WORK TO COMPLETE »
Your task is to transcribe each record exactly and to omit every image.

..............................

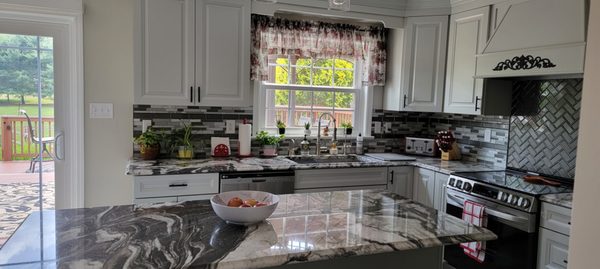 Recent kitchen remodel: Granite countertop, Diamond grey painted cabinets, backsplash tiles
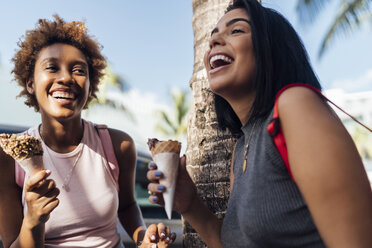 Two happy female friends with ice cream cones at a palm tree - BOYF01235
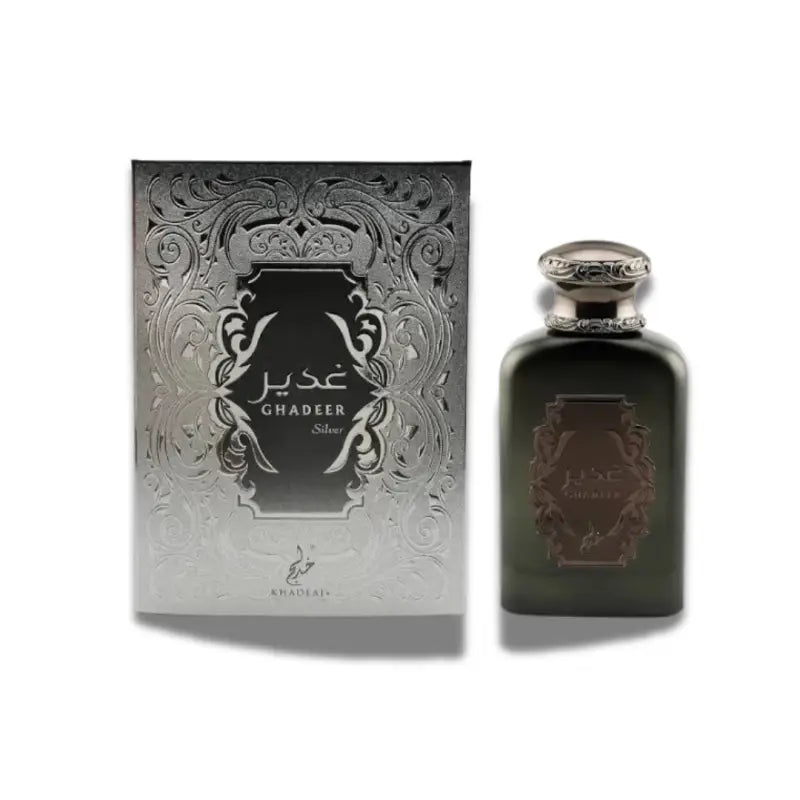 A stylish Khadlaj Ghadeer Silver 100ml EDP perfume box stands beside a matching dark glass bottle with an ornate cap—an elegant unisex fragrance by Khadlaj.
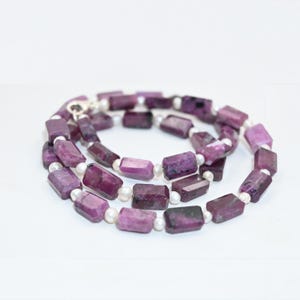 Op de afbeelding: Een ketting met rechthoekige, dieppaarse edelstenen afgewisseld met kleine, witte parels. De edelstenen hebben een facetgeslepen uiterlijk en de ketting is vastgezet met een zilveren sluiting. De sieraden worden gepresenteerd tegen een witte achtergrond.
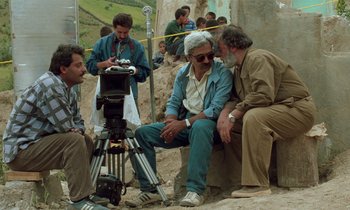 Movie still from “Through the Olive Trees” (1994), directed by Abbas Kiarostami – A group of people sitting around a camera; Wide shot, Over the shoulder angle
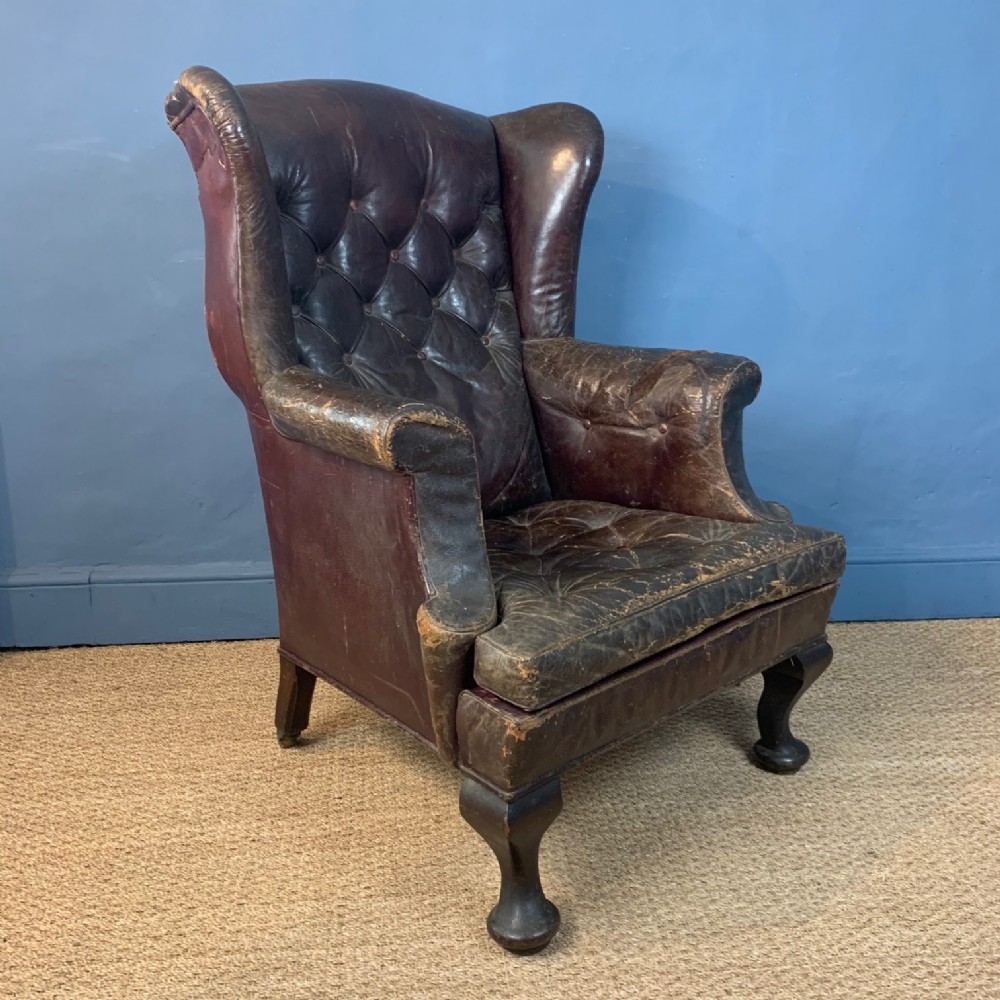 A late Victorian leather wing armchair c 1890 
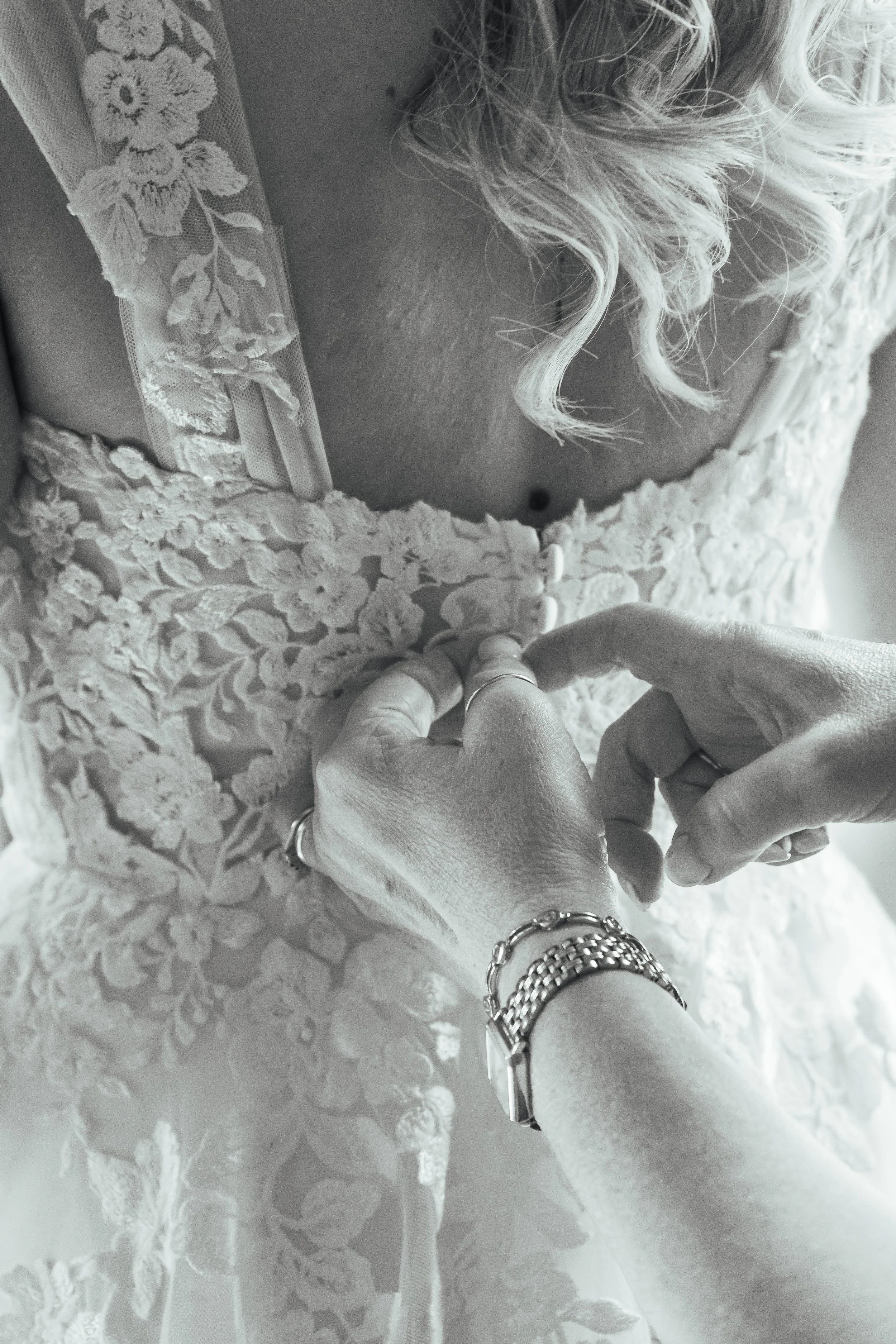 A woman is buttoning the back of her lace wedding dress.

..............................

YOUR RESPONSE »
 Recent kitchen remodel: Granite countertop, Diamond grey painted cabinets, backsplash tiles
 Two happy female friends with ice cream cones at a palm tree - BOYF01235
 A stylish Khadlaj Ghadeer Silver 100ml EDP perfume box stands beside a matching dark glass bottle with an ornate cap—an elegant unisex fragrance by Khadlaj.
 Op de afbeelding: Een ketting met rechthoekige, dieppaarse edelstenen afgewisseld met kleine, witte parels. De edelstenen hebben een facetgeslepen uiterlijk en de ketting is vastgezet met een zilveren sluiting. De sieraden worden gepresenteerd tegen een witte achtergrond.
 Movie still from “Through the Olive Trees” (1994), directed by Abbas Kiarostami – A group of people sitting around a camera; Wide shot, Over the shoulder angle
 A late Victorian leather wing armchair c 1890 
 A woman is buttoning the back of her lace wedding dress.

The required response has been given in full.